• _What the exercise asks_: Retype nothing except the lines below from the one with "The white castle" through the one with "Green pharmacy cabinet", exactly, with images left out.
** Source records follows **
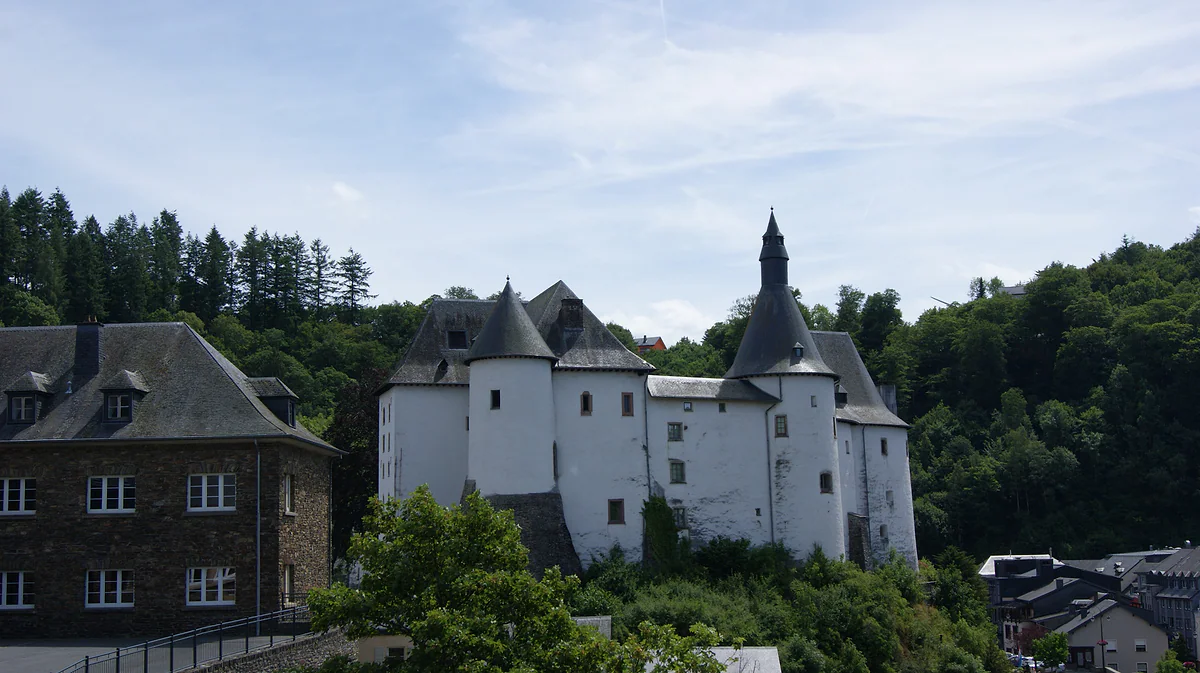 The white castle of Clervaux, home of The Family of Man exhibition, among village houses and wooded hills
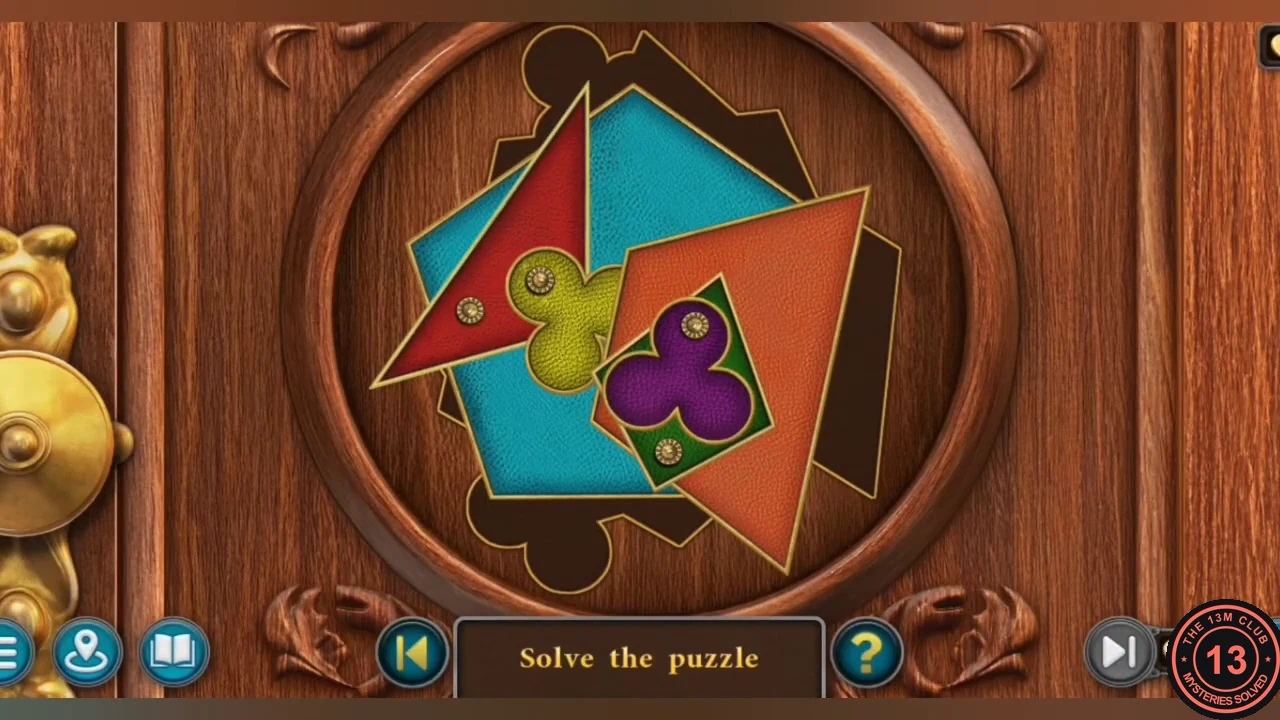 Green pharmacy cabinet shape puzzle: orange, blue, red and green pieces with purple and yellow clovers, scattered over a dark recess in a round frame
** End of Source records **
** Source records follows **
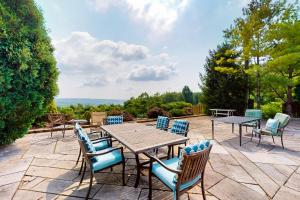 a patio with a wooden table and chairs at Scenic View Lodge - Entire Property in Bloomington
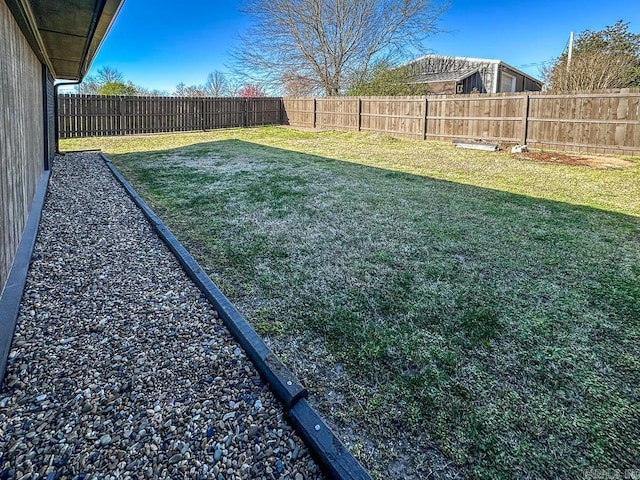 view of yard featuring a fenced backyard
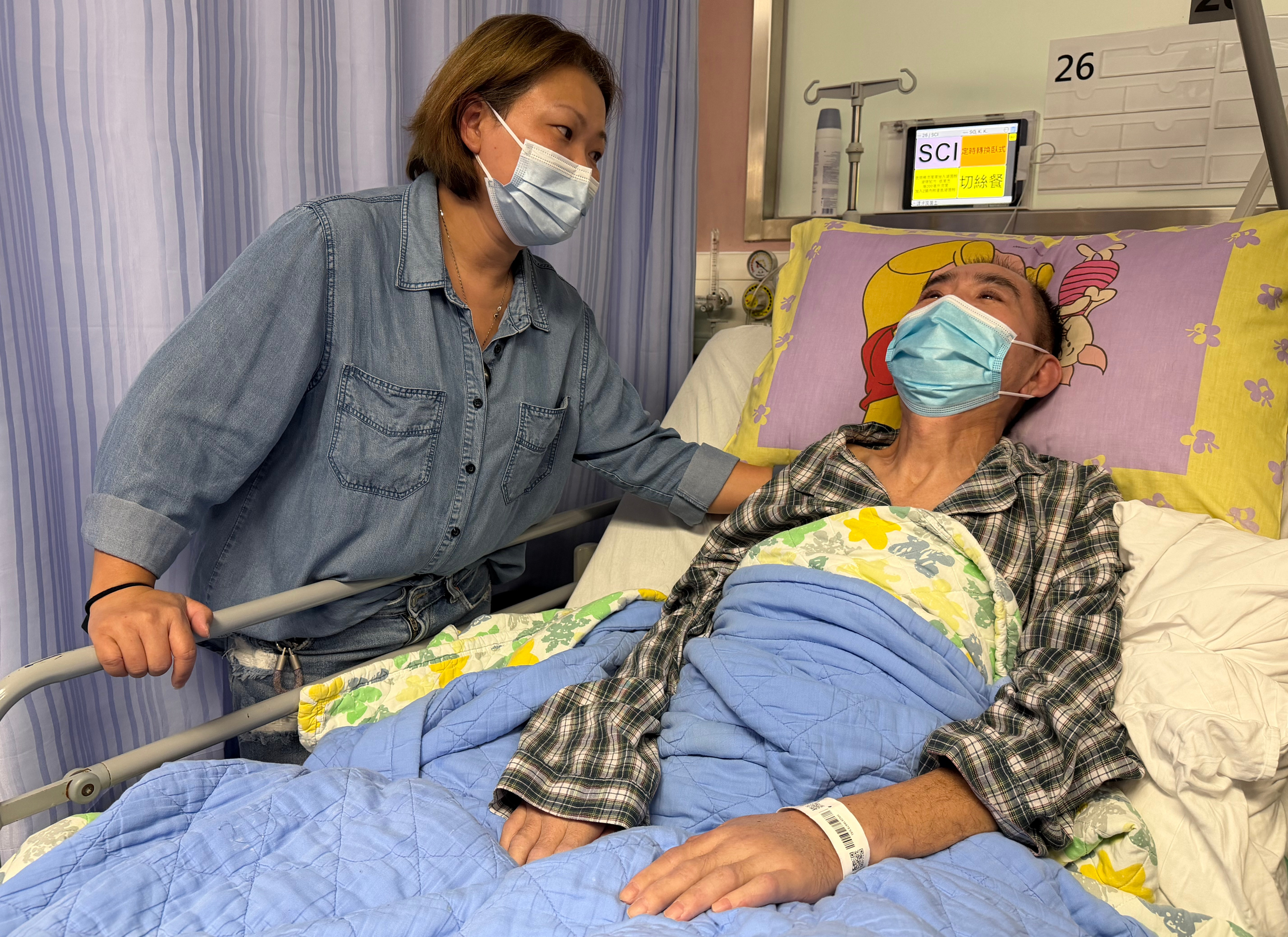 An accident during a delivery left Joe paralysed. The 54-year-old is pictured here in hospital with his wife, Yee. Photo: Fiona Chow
** End of Source records **
• _Answer to this exercise_:
 The white castle of Clervaux, home of The Family of Man exhibition, among village houses and wooded hills
 Green pharmacy cabinet shape puzzle: orange, blue, red and green pieces with purple and yellow clovers, scattered over a dark recess in a round frame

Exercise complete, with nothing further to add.